# Beretta Brigadier 92G - new model



## Jvaliensi (Mar 11, 2015)

I have been looking at a Beretta Brigadier 92G, which has a rail, G-type de-cocker, night sights and checkered front of grip. This is a new gun. But I cannot find any info on it. Web search always come up with the Wilson version, which seems almost the same. The price is $1200, which seems high for a 92. Does anyone know about the new production of this pistol?


----------



## TAPnRACK (Jan 30, 2013)

I paid $1,100 (new) for my 92G-SD in 2006, if that helps. They are top of the Beretta 92 line.


----------



## denner (Jun 3, 2011)

I see a 92G on Beretta's website, but w/o the brig slide. 92G's have been historically very, very, hard to find in my experience. TapnRack has a very top end model probably of limited production? I paid around $700.00 for my NIB 92G (police special, non brig slide) with factory installed Trijicons back in 1993. 

Are you sure what your looking at is not a custom Wilson version? Anyway, very good move on Beretta's part for offering them to the public again, at least they have them on their website, but finding one may be a different story and worth every penny.


----------



## Shipwreck (Jan 26, 2006)

Currently - besides the standard 92FS, M9A1, 92A1, M9A1 Compact, 90-Two models being sold....there is a Beretta Brigadier (FS model), a standard 92 with G, the Inox Vertec (FS model), and the 92G-SD. The 92G-SD is what you are describing. It is NOT listed as a Brigadier G model. It's a previous model that they have decided to make again.

The original had a blackened stainless barrel and slide. I do not know if the new one is like that too.
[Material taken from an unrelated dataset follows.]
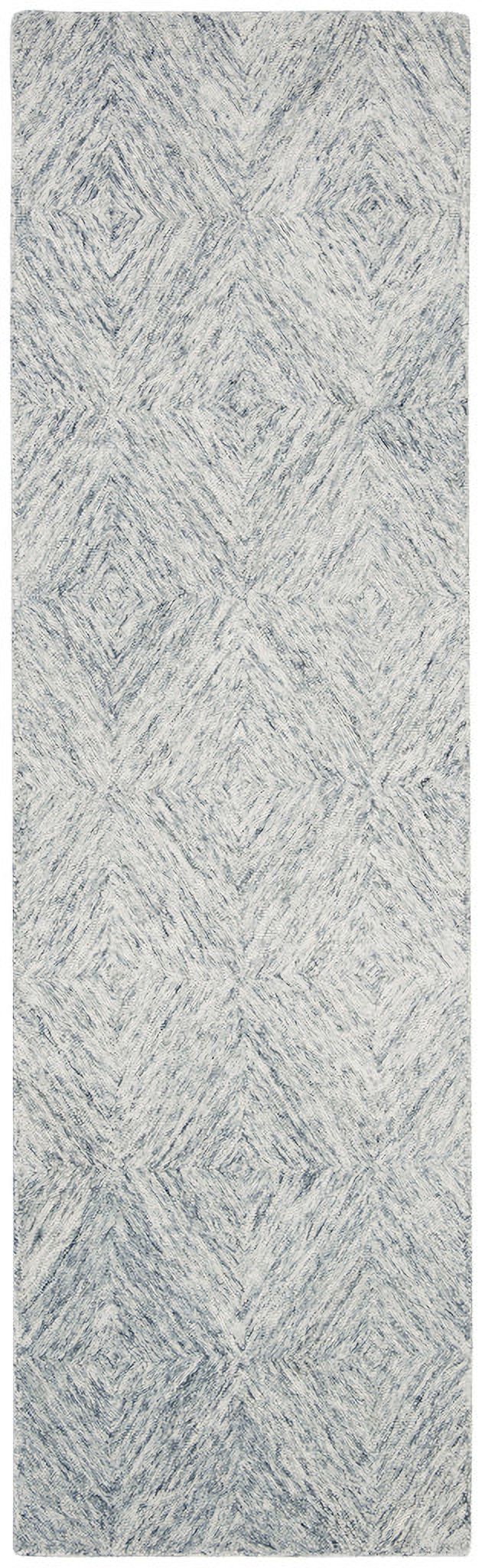 The appearance of Abstract Hand Tufted Silver 2'-3" x 8' Runner Rugs designed by Safavieh in the modern / contemporary interior design. This silver piece of furniture  was selected by 1StopBedrooms from Abstract Collection to add a touch of cosiness and style into your home. Sku: ABT767G-28. Material: Wool.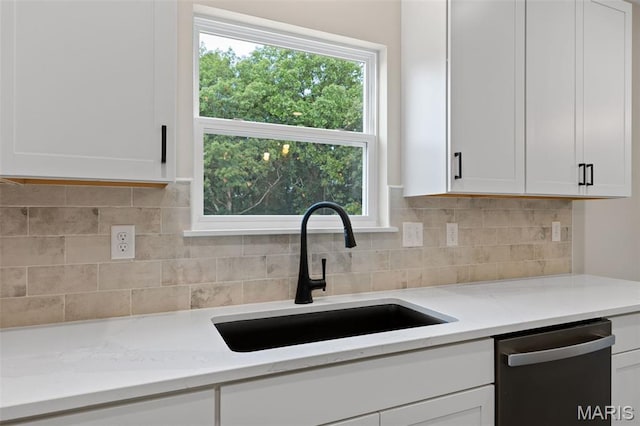 2213 Rule Ave, Maryland Heights, MO 63146 - kitchen featuring stainless steel dishwasher, white cabinetry, and decorative backsplash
I personally don't like railed models - I've owned many over the years, but later sold them. I like the non railed Berettas... That's what stopped me from buying one of the new Wilson models that Wilson is selling. And, that's why I am not interested in the 92G-SD or the Vertec (I owned a Vertec the first time around, like 12+ years ago)


----------



## denner (Jun 3, 2011)

Shipwreck said:


> Currently - besides the standard 92FS, M9A1, 92A1, M9A1 Compact, 90-Two models being sold....there is a Beretta Brigadier (FS model), a standard 92 with G, the Inox Vertec (FS model), and the 92G-SD. The 92G-SD is what you are describing. It is NOT listed as a Brigadier G model. It's a previous model that they have decided to make again.
> 
> The original had a blackened stainless barrel and slide. I do not know if the new one is like that too.
> 
> I personally do't like railed models - I've owned many over the years, but later sold them. I like the non railed Berettas... That's what stopped me from buying one of the new Wilson models that WIlson is selling


ShoNuff, thank you for the update and info. Maybe of interest is the link below if you want to be one of the first to know:

Beretta 92GSD - Contact Form


----------



## TAPnRACK (Jan 30, 2013)

Good link Denner... just completed the form for info. I'd love another one. Mine was a limited run (made for 4 years?).


----------



## Jvaliensi (Mar 11, 2015)

I've checked and the pistol is a model #J92GSD1 - Beretta 92G-SD 9MM Brigadier. It has the heavy slide which is typical for Brigadier models. I'm looking forward to getting it. I'd go for the WC version if it was for sell in my state. It appears to me that the 92GSD is the model that Wilson modifies and it sells for the same cost as the Beretta, so it seems a good deal.


----------



## Shipwreck (Jan 26, 2006)

Well, it DOES come with a Brigadier slide, but its listed as the SD model.


----------